Позвольте мне скромно одарить Вас, записав кое-какие воспоминания из времен, когда возникала моя книга, поскольку Ваше письмо вновь оживило для меня те времена.
Идеей, высекшей во мне первую искру, было перевоплощение как выражение устойчивого в текучем, непрерывности традиции и духовной жизни вообще. Однажды, за много лет до того, как я попытался писать, мне привиделся индивидуальный, но надвременный жизненный путь: я вообразил человека, который, рождаясь снова и снова, оказывается современником великих эпох истории человечества. Остался от этого первоначального на-мерения, как Вы видите, ряд кнехтовских жизней, три исторические и одна касталийская. В план мой входило, кстати сказать, еще одно жизнеописание, отнесенное к XVIII веку, как эпохе великого расцвета музыки, над этой картиной я проработал почти год, затратив на нее больше подготовительного труда, чем на все другие биографии Кнехта, но она мне не удалась, эта штука так и осталась фрагментом. Слишком точно известный и слишком богато документированный мир этого века никак не встраивался в более легендарные пространства остальных мест кнехтовской жизни.

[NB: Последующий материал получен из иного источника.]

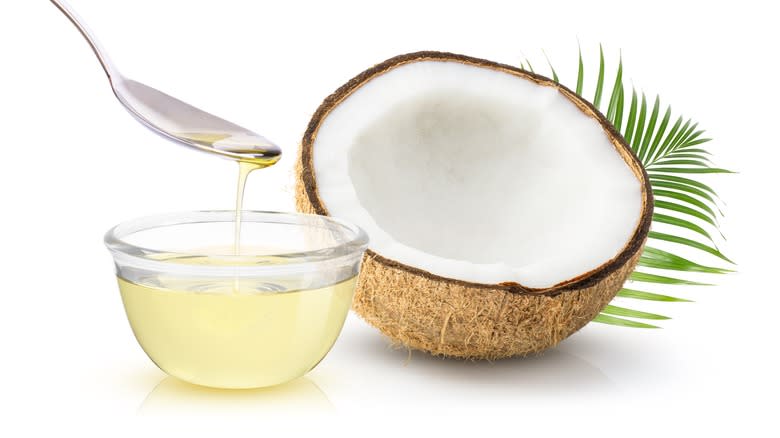 Coconut oil and halved coconut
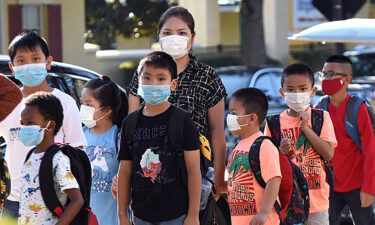 Students are shown here wearing face masks arrive on the first day of classes for the 2021-22 school year at Baldwin Park Elementary School.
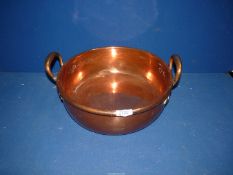 A flat bottom, two handle copper pan, 13 1/2" diameter.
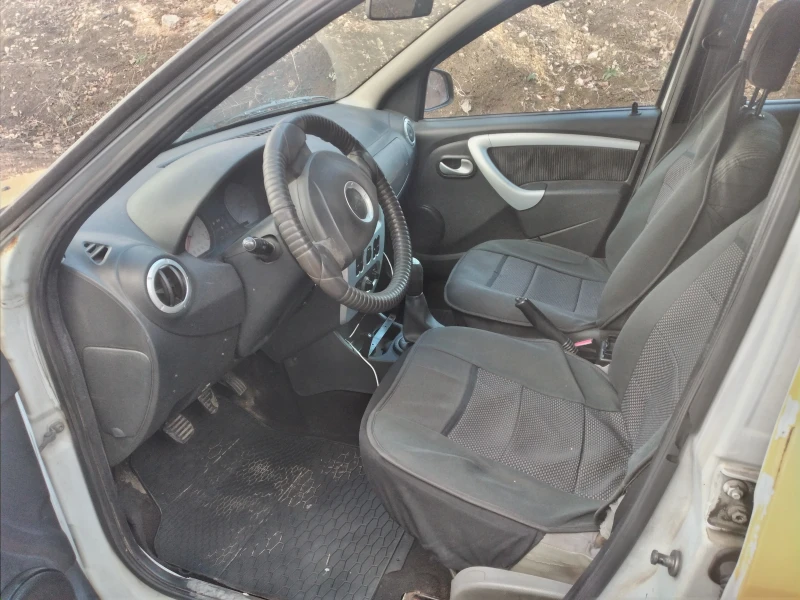 Dacia Logan комби, снимка 11 - Автомобили и джипове - 49087490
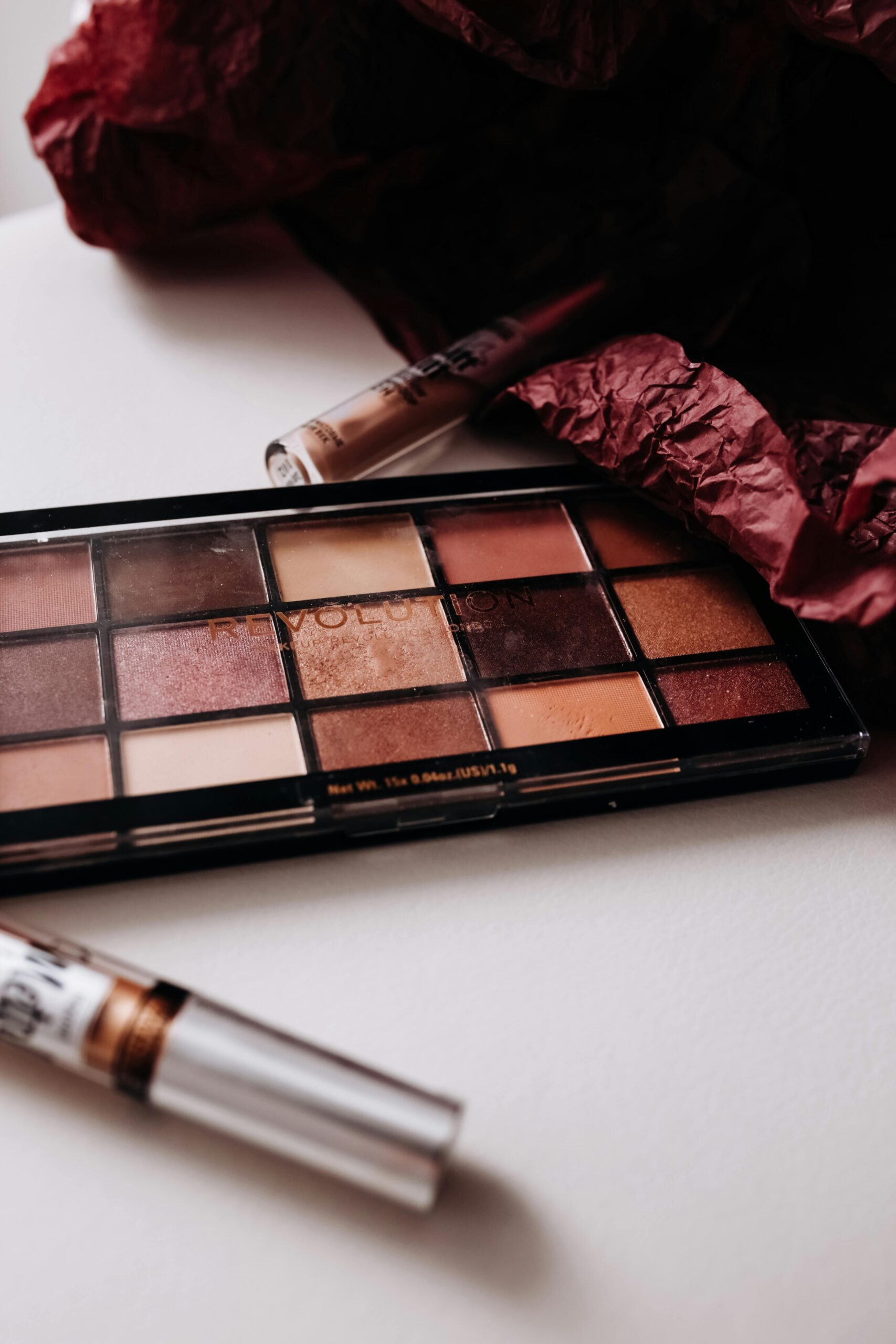 Neutral-toned eyeshadow palette with warm shades, a lip gloss, and makeup products arranged on a white surface with dark red tissue paper.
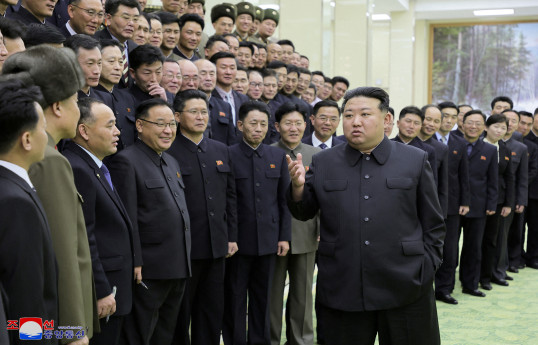 North Korea's Kim inspects spy satellite photos of 'target regions', US bases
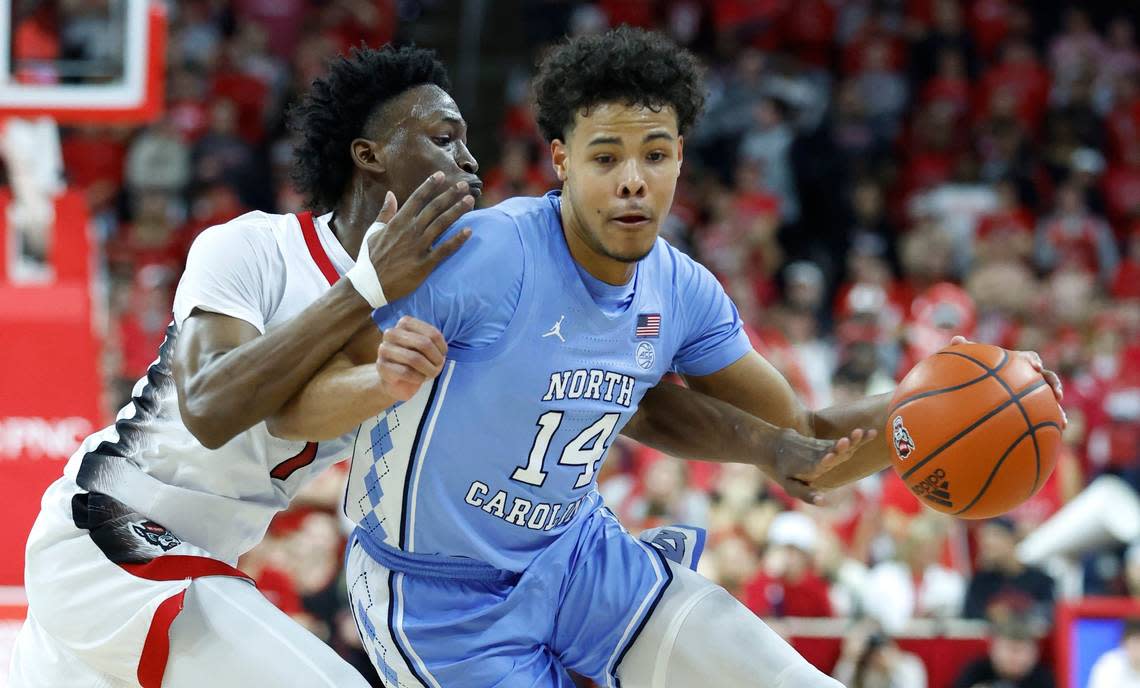 N.C. State’s Jarkel Joiner (1) fouls North Carolina’s Puff Johnson (14) during the first half of N.C. State’s game against UNC at PNC Arena in Raleigh, N.C., Sunday, Feb. 19, 2023.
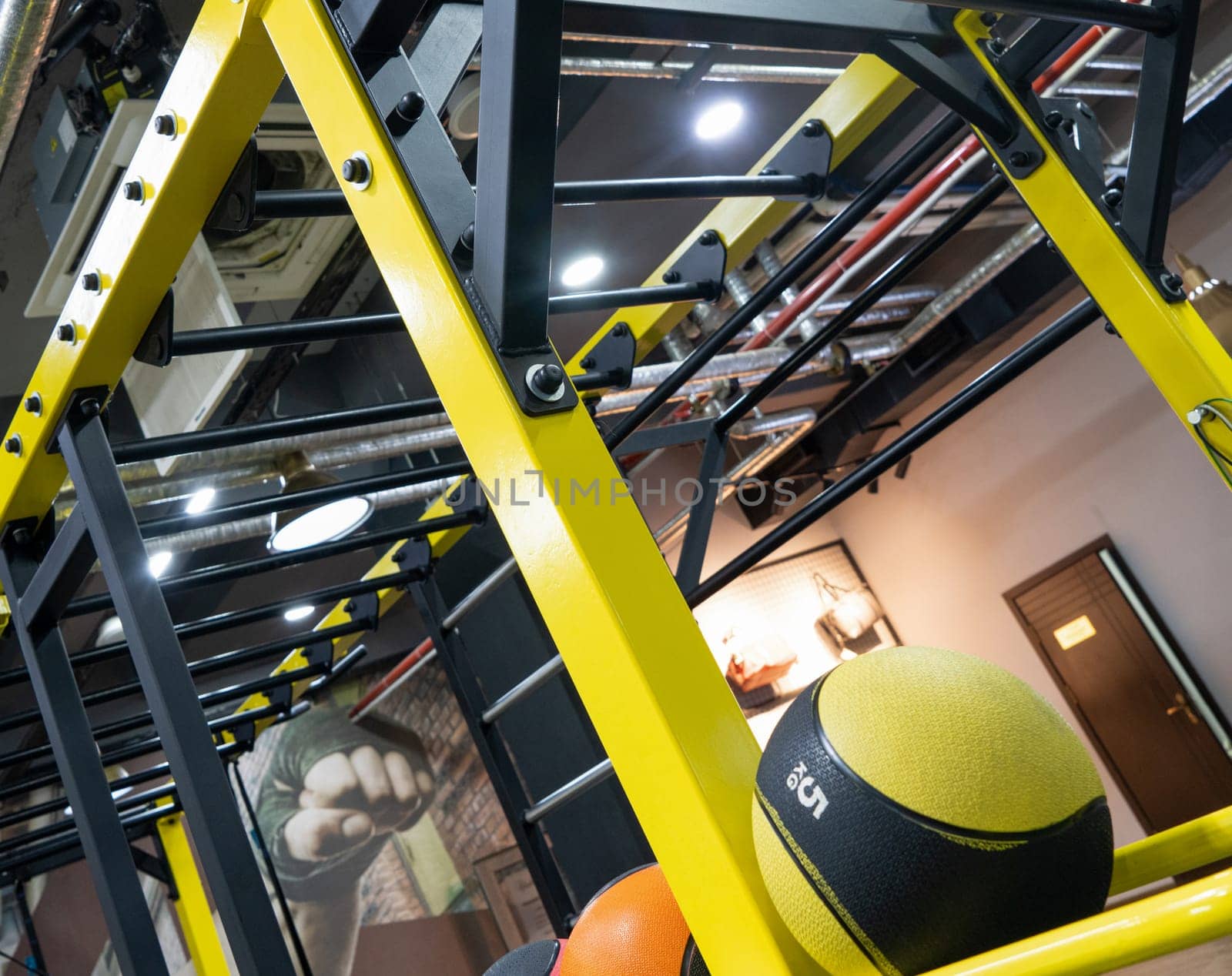 A vertical closeup of balls in the sports hall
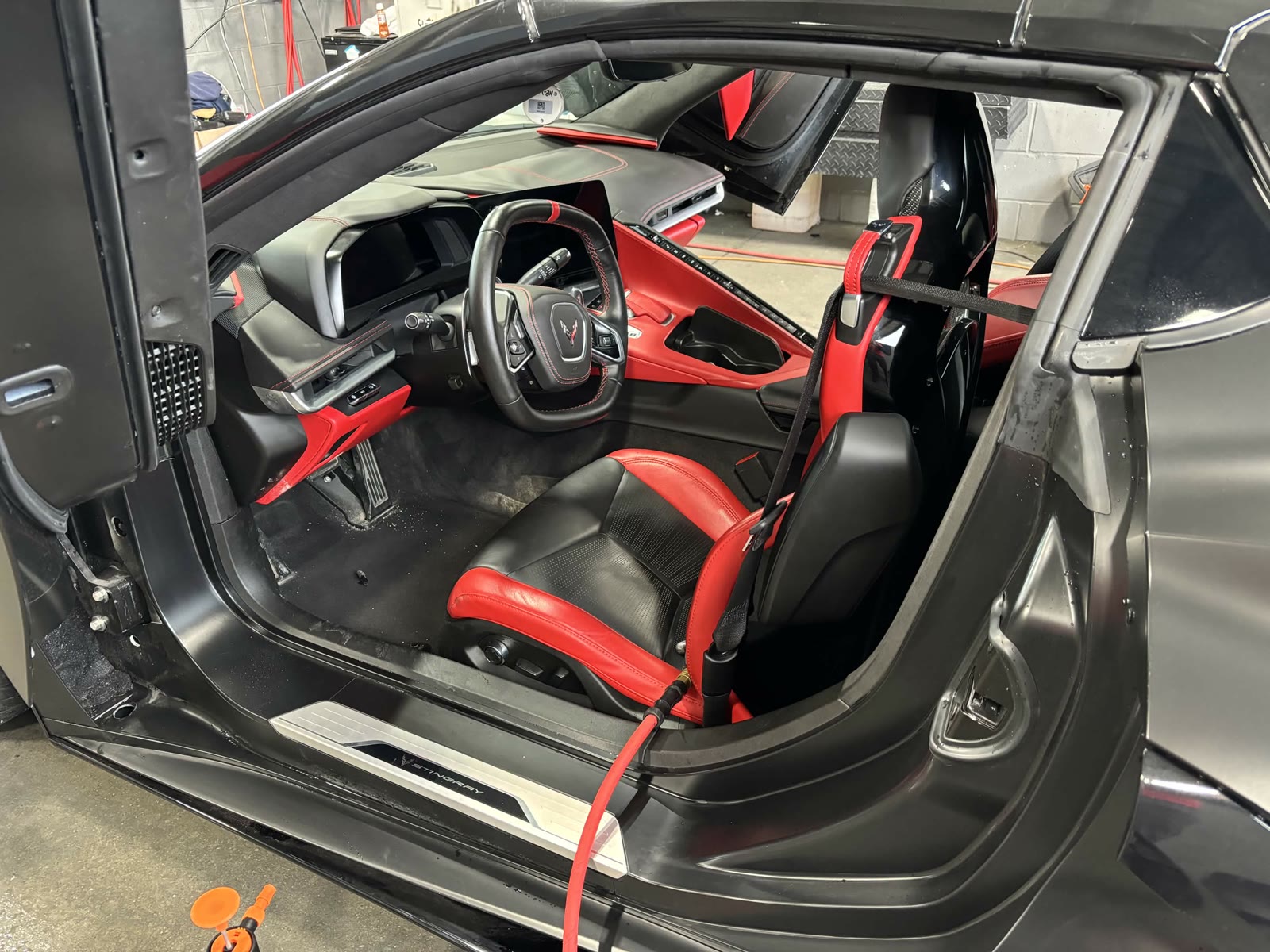 Corvette Stingray red and black interior during detailing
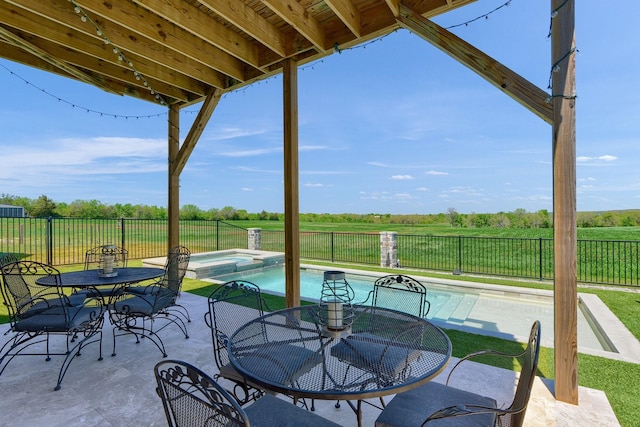 view of patio / terrace with outdoor dining area, a fenced backyard, and a pool with connected hot tub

В годы, прошедшие от первого замысла до настоящего начала работы над книгой, в годы, когда мне надо было выполнить еще две другие задачи, произведение, названное впоследствии «Игрой в бисер», маячило передо мной в меняющихся обликах, то в торжественных, то в более игривых. Это были для меня годы относительного благополучия после серьезного кризиса жизни, и это были годы передышки и возврата к радости жизни для измученных Первой мировой войной Германии и Европы. Правда, в политическом отношении я стал чуток и недоверчив и не верил в немецкую республику и немецкое миролюбие, но общая атмосфера уверенности, даже уютности действовала на меня все-таки благотворно. Я жил в Швейцарии, бывал в Германии очень редко и гитлеровское движение долго не принимал всерьез. Но когда оно, после того как стал известен так называемый бокенгеймский документ, предстало моим глазам во всей своей опасности и динамике, а тем более когда оно открыто пришло к власти, мое приятное самочувствие, конечно, кончилось. С речами Гитлера и его министров, с их газетами и брошюрами поднялось что-то вроде ядовитого газа, поднялась волна подлости, лжи, безудержного карьеризма, образовалась атмосфера, дышать которой было нельзя. Не требовалось никаких зверств, ставших известными лишь через несколько лет, достаточно было этого ядовитого газа, этого осквернения языка и попрания правды, чтобы снова, как в военные годы, поставить меня перед пропастью. Воздух снова был ядовит, жизнь снова была поставлена под вопрос. Пришел момент, когда мне нужно было мобилизовать в себе все спасительные силы, проверить и утвердить всю веру, какой я обладал. Возникло нечто гораздо худшее, чем некогда тщеславный кайзер с его генералами-полубогами, нечто такое, что должно было привести к худшему, чем знакомый нам вид войны. Среди этих опасностей, угрожавших физическому и духовному существованию немецкоязычного писателя, я прибег к спасительному средству всех художников – к творчеству, и вернулся к своему старому уже замыслу, который, однако, сразу же под натиском современности весьма изменился. У меня были две задачи: создать духовное пространство, где я мог бы дышать и жить даже в отравленном мире, некое прибежище, некую пристань, и, во-вторых, выразить сопротивление духа варварству и по возможности придать силы своим друзьям в Германии, помочь им сопротивляться и выстоять.